House Question Time, formally known as questions without notice, is an institution in the Commonwealth Parliament and in all state parliaments. Questions to government ministers normally alternate between government members and the opposition, with the opposition going first. Questions of ministers are generally asked by their counterpart shadow ministers (or in the case of a minister and corresponding shadow minister are each members of a different House of Parliament, then the shadow minister's representative in the other House asked questions to the relevant minister) in the opposition, and are always asked by backbenchers on the government side. In the House of Representatives, the first question is usually asked of the prime minister by the Leader of the Opposition. Similar arrangements apply in the Senate. To accommodate the distribution of ministers between both chambers, ministers also take on representative roles, answering questions relating to portfolios that are not their own because the responsible minister sits in the other chamber. This allows questioners to ask questions about any government portfolio in either chamber. This normally includes the Leader of the Government in the Senate representing the prime minister in response to questions asked by senators about general government policy. Sometimes a government Minister will arrange for a government backbencher to "ask" a question, commonly called a Dorothy Dixer, to enable the Minister to make a political speech or otherwise score political points.

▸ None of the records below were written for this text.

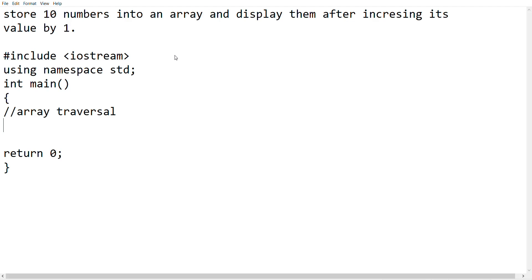Hello everyone, welcome to Aasham Sikino. We have a question for you: store 10 numbers into an array and display them after increasing each value by 1.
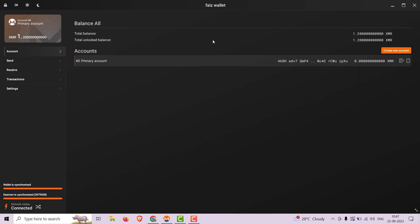Welcome to this informative video tutorial on where you can make donations using Monero, the privacy-focused cryptocurrency. We'll guide you through the process of donating to various organizations and projects that accept Monero as a form of contribution. By the end of this video, you will know how to support these important causes while preserving your financial privacy. Let's get started.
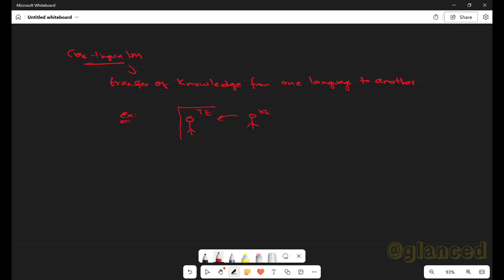He wanted to know what was written in that article, so he came to me and said: 'Brother, this is the article — I want to understand what is there in it. Can you please read it and translate it for me?' So you read it in Telugu and told him exactly what was in that article in English. So what you are doing is transferring knowledge from Telugu to English. This is nothing but cross-lingual language — this is what is done by a cross-lingual language model.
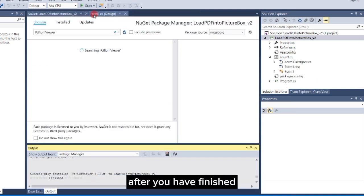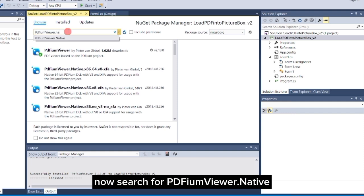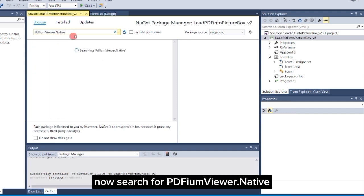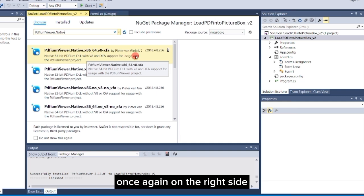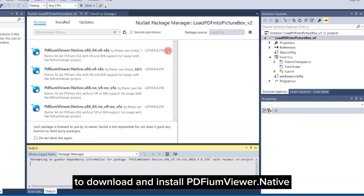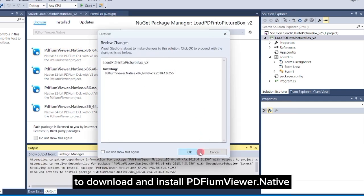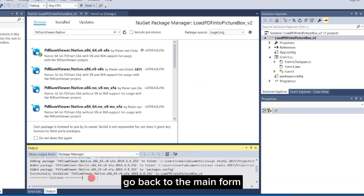After you have finished, return to the Browse tab again. Now search for PDFium viewer.native. Go to the first result. Once again, on the right side, click the small download icon to download and install PDFium viewer.native into your project. Once you have finished, go back to the main form.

Convention allows the prime minister in the House, and the Leader of the Government in the Senate, to terminate question time by asking that "further questions be placed on the Notice Paper". This is not a formal motion but an indication that, even if further questions were asked, ministers would not answer them since they are not compelled to do so. It is possible in this way to prematurely terminate question time, although this is rare in the House and essentially unheard of in the Senate. During the Keating Government, the prime minister attempted to limit the number of questions asked in a way the Liberal Opposition disapproved of. To protest the change, the Opposition made random quorum calls through the afternoon for every question they felt they had been denied that day. In the House, question time is generally scheduled from 2pm to 3:15 pm on every sitting day; in the Senate, it generally occurs from 2pm to 3pm. Apart from divisions, it is the only time the chamber is likely to be filled.

Tactically, it is considered an important defining characteristic for an Opposition Leader to be able to ask a pertinent question of the prime minister or premier, or to single out perceived weak performers in the Ministry.

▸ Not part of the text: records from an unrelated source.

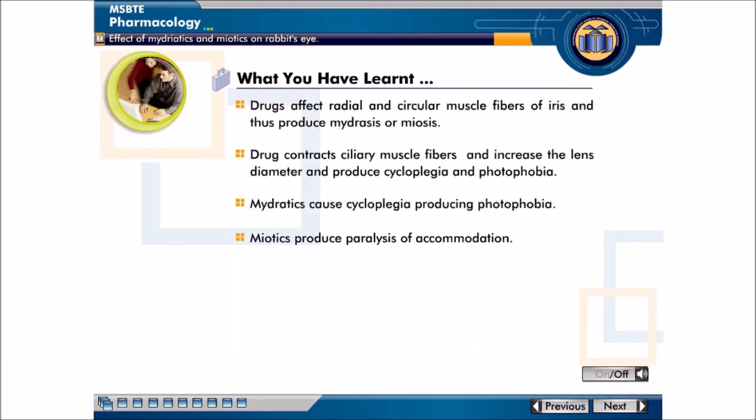You have learnt that drugs affect radial and circular muscle fibres of the iris and thus produce mydriasis or miosis. A drug contracts ciliary muscle fibres, increases the lens diameter, and produces cycloplegia and photophobia. Mydriatics cause cycloplegia producing photophobia, while miotics produce paralysis of accommodation.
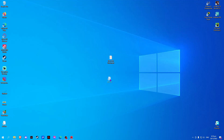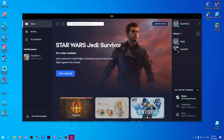Now, here is what we have created. Once we download the game, it should boost the download speed.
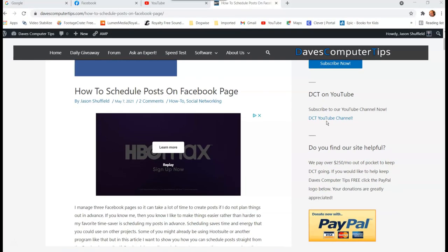Hi, this is Jason with Dave's Computer Tips with another how-to video. This one's on how to schedule posts on a Facebook page — your business page, video page, or whatever page you're doing. I'm going to show you how you can schedule out your posts so you don't have to sit there every day trying to think of posts. You can be organized and let them go out automatically when you want.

Interjections from both government and opposition members in the House of Representatives and the Senate are common, and broadly speaking are an accepted practice, although the speaker of the House or the president of the Senate will intervene if interjections become too frequent, if they contain inappropriate content, or if the member interjecting is disrupting debate. Given that question time is the only time of day when all members of Parliament are in their respective chambers, the appearance of question time can be rowdy and boisterous compared to the normally sedate activity during the rest of the day.

In the past, questions and answers had no time limits, only an expectation that ministers would wind up their answers after a "reasonable" amount of time, whatever constituting reasonable being entirely at the discretion of the Chair. Prime Minister Paul Keating famously gave answers exceeding 10 and sometimes 15 minutes, leading to frequent complaints from the opposition. Following the 2010 federal election, changes to the standing orders imposed a 45-second time limit for questions and a four-minute time limit for answers in the House of Representatives. This was reduced to 30 seconds for questions and three minutes for answers when the standing orders were again amended following the 2022 federal election. In the Senate, a questioner may ask an initial question and two supplementary questions related to their initial question. Each question has a one-minute time limit. Answers to initial questions are limited to three minutes, and answers to supplementary questions are limited to one minute. A senator may also move to 'take note' of a minister's answer after question time, allowing questioners (generally Opposition senators) to respond to the answers provided by ministers.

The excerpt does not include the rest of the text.